Последний год старого века принес нюрнбержцам большие тревоги. Маркграф, постоянный противник города, никак не мог примириться с его самостоятельностью и хотел отнять у Нюрнберга право распоряжаться горными разработками вблизи города. Те, кому принадлежала доля в этих разработках, среди них Дюрер-старший, были в волнении. Сумеет ли город защитить свои и их права? Не дойдет ли до вооруженных столкновений? А тут еще началась война городов Швабского союза против швейцарцев. Император Максимилиан потребовал, чтобы имперский город Нюрнберг принял в ней участие. Ничего не поделаешь, пришлось повиноваться. Город выставил отряд из нескольких сот пехотинцев, нескольких десятков конников и шести пушек.

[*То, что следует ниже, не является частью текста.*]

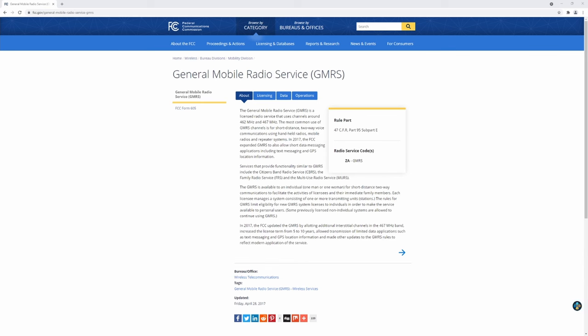Why GMRS? The license is $75. It's good for 10 years. Your entire immediate family will be allowed to use it and if you're playing airsoft or doing milsim there's pretty much no reason not to use these channels as it'll have plenty sufficient range.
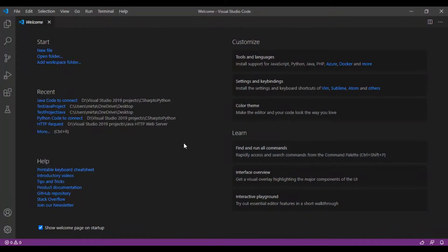Assalamualaikum. In this video we are going to learn how to import Java class files in our Java project of VS Code Studio.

Командиром отряда был назначен к немалой его гордости Вилибальд Пиркгеймер. Швейцарская война больших успехов Швабскому союзу не принесла. После нее швейцарские города совсем отделились от империи. Но Пиркгеймер этим походом гордился, рассказывал о нем друзьям и даже написал о нем книгу. Словом, конец века оказался неспокойным...
Портрет Вилибальда Пиркгеймера. Гравюра на меди. 1524
...Приближался 1500 год.
Круглые даты всегда производят на людей особенное впечатление, а эта завораживала. Невозможно было представить себе, что такой год ничем не будет отличаться от предшествующих и последующих. Люди с облегчением убедились: конец света не наступил. Но они продолжали думать, что год 1500-й означает некий рубеж.
Нет, не случайно именно в этот год Дюрер создал новый автопортрет — один из самых удивительных в его творчестве, да, пожалуй, и вообще в искусстве европейского автопортрета. Из темного зеленовато — черного фона выступает фигура художника. На нем одеяние коричневого сукна с любимыми Дюрером прорезными рукавами. Сукно в красноватых отливах отделано темно — коричневым мехом. Темная одежда почти сливается с темным фоном. Из темноты выступает как бы высвеченное изнутри бледное лицо. Оно поражает строгой правильностью черт, неприступностью выражения, замкнутостью. Зеленовато — серые огромные глаза так неотступно смотрят на пас, что делается не по себе. Длинные тонкие пальцы неподвижны, но усилием воли скрывают трепет. Вздулись вены под кожей: почти ощутимо биение пульса. За высоким лбом читается напряженная мысль.